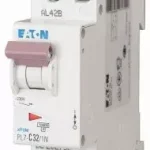 Eaton 262752 PL7-C32/1N Kismegszakító. 1P+N, 32A, C karakterisztika, 10kA Rendeld meg most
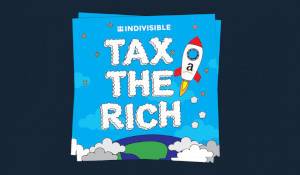FREE Tax The Rich Sticker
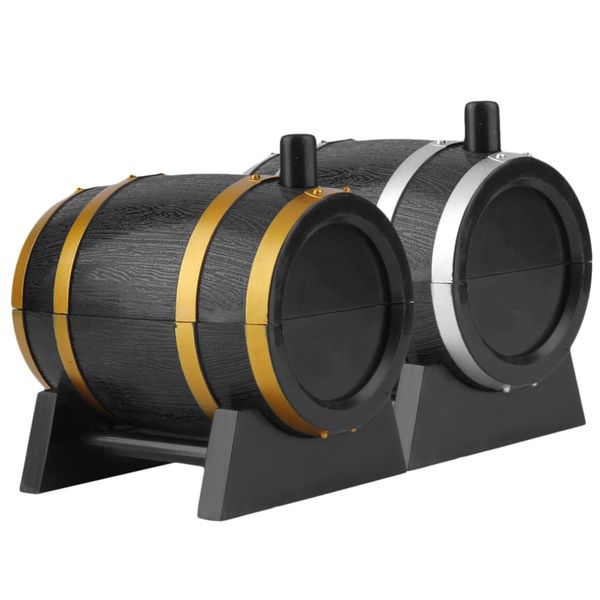 wholesale- fashionable wine barrel plastic automatic toothpick box container dispenser holder popular new
wholesale- fashionable wine barrel plastic automatic toothpick box container dispenser holder popular new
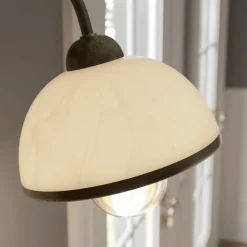 Vegglampe Antica i landlig stil, 1 lyskilde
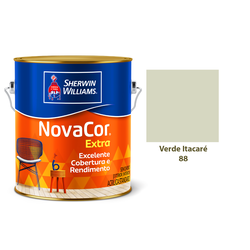 NOVACOR ACR EXTRA FOSCO VERDE ITACARE 3,6L - Acroncolor
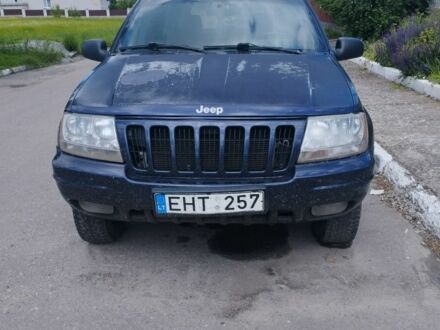 Синій Джип Grand Cherokee, об'ємом двигуна 3 л та пробігом 356 тис. км за 3573 $, фото 1 на Automoto.ua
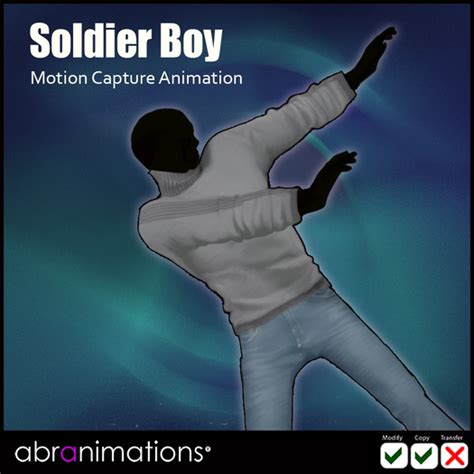 Second Life Marketplace - Soldier Boy Dance - Abramations®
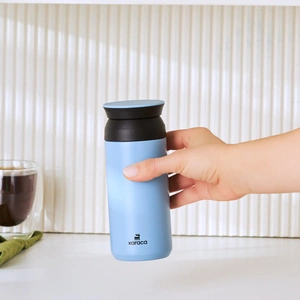Karaca Rainbow Çelik Termos Blue 350 ml görseli 2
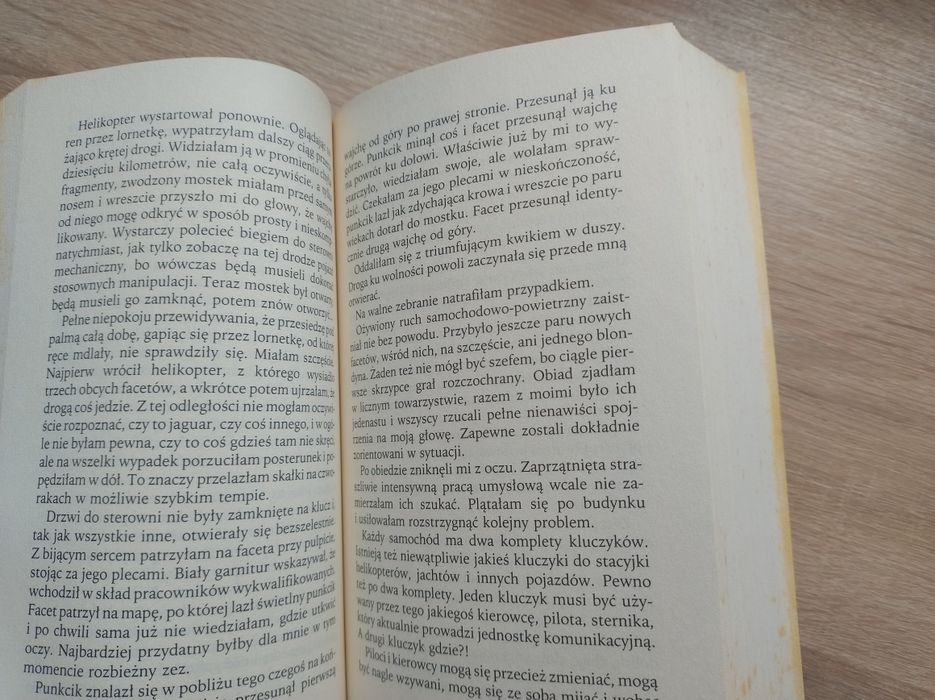 Kryminał Chmielewska Całe zdanie nieboszczyka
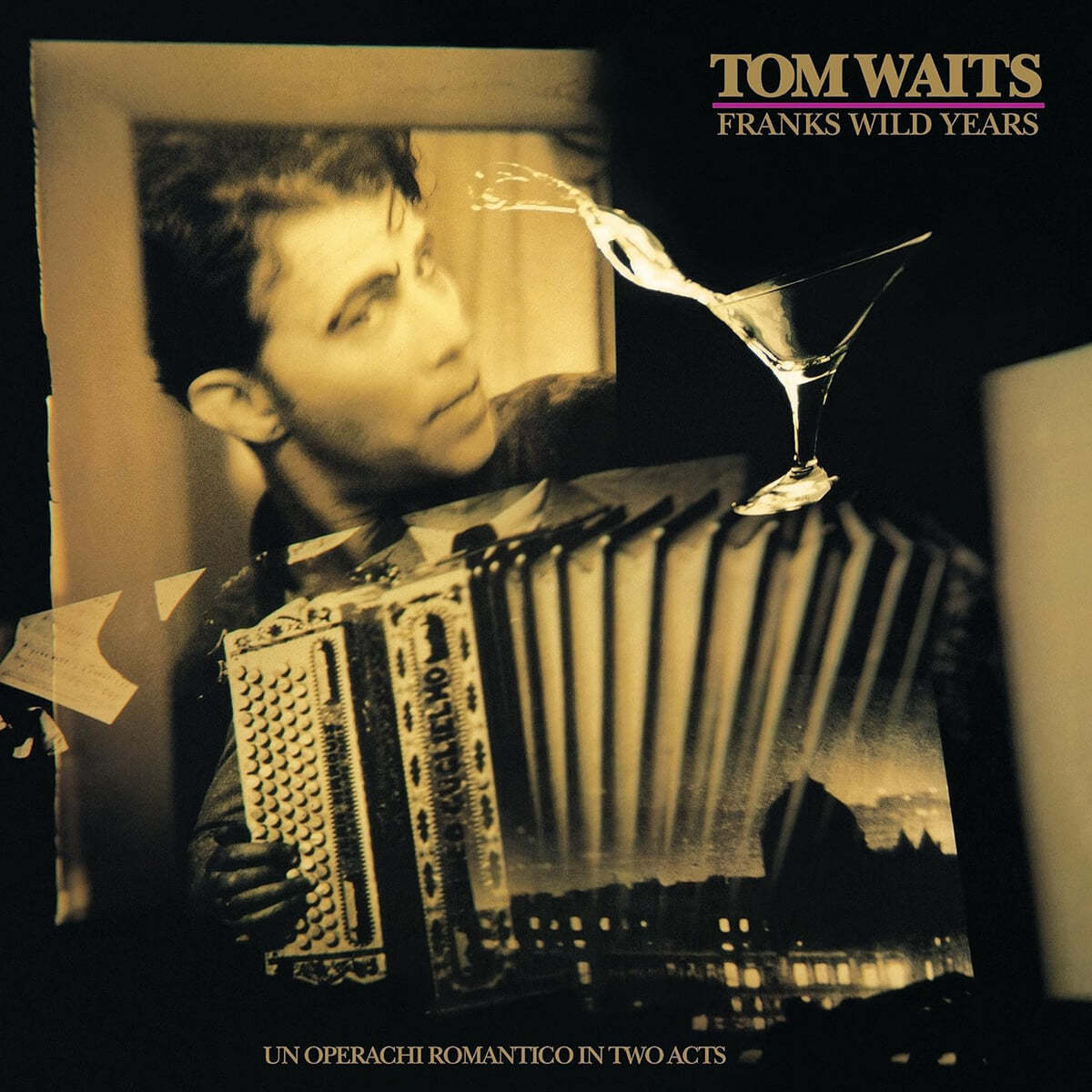 Tom Waits (톰 웨이츠) - Frank&#39;s Wild Years [LP]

◆ ◆ ◆ ◆ ◆

What the exercise asks:
Return the material from the line containing "FREE Tax The Rich Sticker" through the line containing "NOVACOR ACR EXTRA", exactly and in full, but without its pictures.

Task result:
FREE Tax The Rich Sticker
 wholesale- fashionable wine barrel plastic automatic toothpick box container dispenser holder popular new
wholesale- fashionable wine barrel plastic automatic toothpick box container dispenser holder popular new
 Vegglampe Antica i landlig stil, 1 lyskilde
 NOVACOR ACR EXTRA FOSCO VERDE ITACARE 3,6L - Acroncolor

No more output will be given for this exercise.